Ketika Ballack menguasai bola, satu sentuhan halus pada tombol kotak akan membuat bola melesat kencang bagaikan peluru-peluru yang beterbangan di film Kingsman. Hebatnya lagi, meskipun memiliki tendangan geledek yang dapat membuat Bung Valen berteriak jebret tiada henti, akurasi tendangan Ballack terhitung sangat baik, tidak seperti Djibril Cissé.
Spesialis runner-up
Lahir di Görlitz, Jerman Timur, tepat pada hari ini 41 tahun yang lalu, Ballack merupakan anak tunggal dari seorang ayah yang dulunya seorang pesepak bola amatir dan kini menjadi insiyur, sedangkan ibunya bekerja sebagai sekretaris. Kepindahannya ke kota Chemnitz-lah yang membuat Ballack berkenalan dengan si kulit bundar sejak usia tujuh tahun.
Semasa aktif sebagai pemain, Ballack merupakan salah satu bakat terbaik yang pernah dihasilkan Jerman. Ia bahkan mendapat julukan Little Kaiser karena gaya bermainnya yang mirip dengan Der Kaiser, Franz Beckenbauer. Total 11 titel mayor ia raih di level klub. Cukup banyak memang, tapi medali perak yang ia dapat juga tak kalah banyak dari medali emas yang terpajang di lemari trofinya.
Apesnya nasib Ballack bisa dibilang hampir sama dengan nasib timnas Indonesia.

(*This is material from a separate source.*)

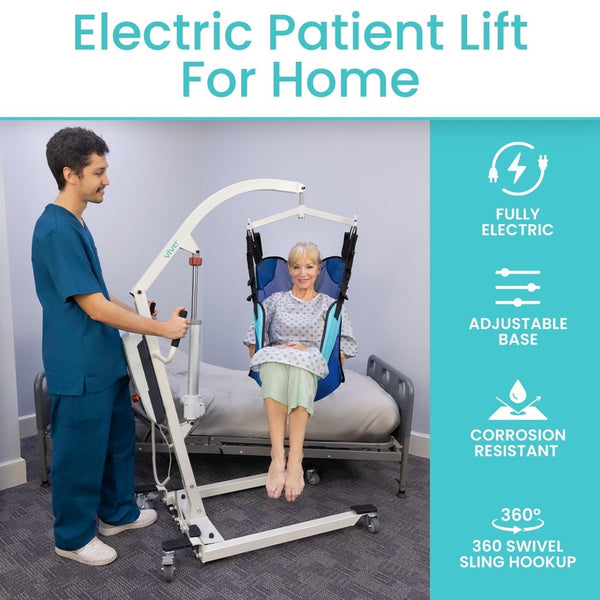 The Vive Health Electric Patient Lift Being Used To Assist A Patient In A Home Setting With Text 'Electric Patient Lift For Home'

Berulang kali menjadi kandidat juara dan sukses melaju ke partai puncak, tapi di akhir pertandingan hanya mampu memandangi para pemain lawan yang berselebrasi di atas podium. Dengan kata lain, Ballack adalah spesialis runner-up.
“Kutukan” ini ia dapat sejak bermain di Bayer Leverkusen pada musim 2001/2002. Leverkusen saat itu berpeluang besar meraih treble winners, karena memuncaki klasemen sementara Bundesliga, dan menembus final Liga Champions serta DFB-Pokal.
Kesialan pertama terjadi di Bundesliga. Leverkusen yang saat itu sepertinya tinggal menunggu waktu untuk merengkuh trofi justru mengalami penurunan performa jelang akhir musim. Mereka berulang kali menyumbangkan tiga poin ke para lawannya, dan di akhir musim posisi mereka disalip oleh Borussia Dortmund yang keluar sebagai kampiun dengan selisih satu poin dari Leverkusen di posisi dua.
Ballack sendiri saat itu adalah top skor klub. Ia mencetak 17 gol di Bundesliga, hanya kalah dari Márcio Amoroso (Borussia Dortmund) dan Martin Max (TSV 1860 München) yang menjadi top skor dengan torehan 18 gol. Hebatnya lagi, Ballack merupakan salah satu dari dua gelandang di lima besar pencetak gol terbanyak, bersama Marcelinho Paraíba, gelandang serang Hertha Berlin.
Usai kegagalan menjadi jawara Bundesliga, seminggu kemudian kesialan kembali menimpa kubu Leverkusen. Berhadapan dengan Schalke di partai puncak DFB-Pokal, Ballack dan kawan-kawan harus mengakui keunggulan The Royal Blues dengan skor 4-2. Kekecewaan jelas terpancar dari raut wajah para pemain Leverkusen, tapi setidaknya masih ada satu kesempatan lagi untuk meraih trofi, yakni di final Liga Champions kontra Real Madrid.